By and large our travel was successful. Hurricane Idalia petered out beyond urban areas. The National Safety Council figures on traffic fatalities over the weekend fell below 500. A degree of collateral damage we’ve long calculated into our comfort range. I couldn’t find any figures on how public transit fared during the holiday—who would bother to track that?
I don’t often think about travel statistics. As an unconventional traveler, the stats rarely apply to me. And they’re most often reported as estimates in advance rather than facts after the fact: on Tuesday after Labor Day the news cycle stokes new anxieties.
But this Labor Day I couldn’t help but think about the millions of Americans belted into their cars and planes, while my boyfriend Dave and I took a simple hike.

Holden is 44 miles from Cambridge, so I might have been counted as a travelling American. But everyone knows bicycles are just for fun and any who actually uses one to go from A to B is just loony. He doesn’t count.
On a clear and breezy day we set off from Dave’s house, on foot, and made a seven-mile trek. The first and last mile were through conventional, indistinguishable suburban landscape. But for five miles we trekked through the Wachusett Watershed on a variety of easy rail trails; forested winding paths, a few glorious meadows, past a lovely lake, and into a rocky ravine neither of us had ever seen before. I christened it Quinapoxet Canyon, after the tributary eating away at eons of granite.
The natural beauty that lies within a mile of my friend’s house is remarkable. But perhaps even more remarkable, on Labor Day Weekend, is that we saw a total of four other people on our entire journey. Just four. While newscasts highlighted the crowds at Cape Cod beaches and New Hampshire lakeshores; while people waited in line to be checked through TSA or sat in steaming traffic on the Southeast Expressway as that invigorating salt water tingle evaporated under the pressures of returning home, we two hiked alone through gorgeous nature. Then we walked home.

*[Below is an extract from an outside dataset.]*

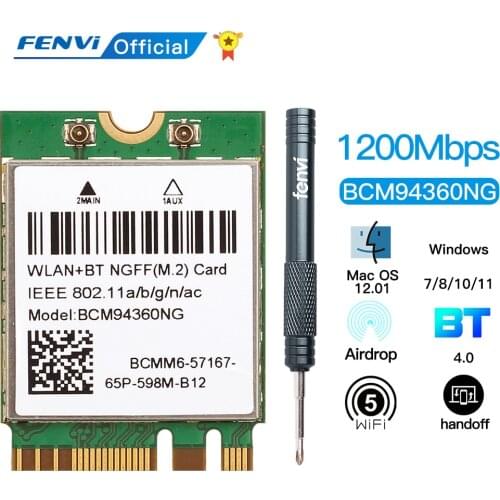 Hackintosh macOS BCM94360NG M.2 Wifi Card Dual Band 1200Mbps 5Ghz Bluetooth 4.0 802.11ac Wireless Adapter Than DW1560 BCM94352Z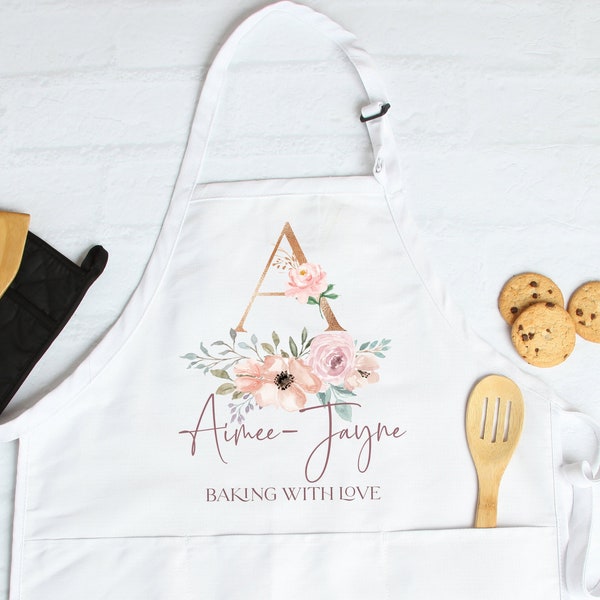 Personalised Apron for women, christmas gift, unique gift for her, Custom initial name apron, Baking Apron, Baker, Cooking Gift for her UK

Modern technologies make our innate desire to explore easy, though I doubt any of the 14 million holiday flyers discovered any place that is not already well mapped. Ironically, those same technologies contribute to our increasingly hot, hot planet. So it’s likely that sometime soon: within the lives of our children or their children or at best, their children; our ability to travel so easily, so extensively, will burn itself out.
The drive to explore is an intrinsic human quality. I believe it is mostly a good one. But like so many aspects of contemporary life, it’s time for us to reevaluate how we satisfy that fundamental need. We have to realize that there’s no reason to always to drive and fly so far away, when there is so much we have not explored close at hand.
In the average American’s lifetime they will have travelled by air an incredible 204 times. I think i will fall well below this figure and gladly so.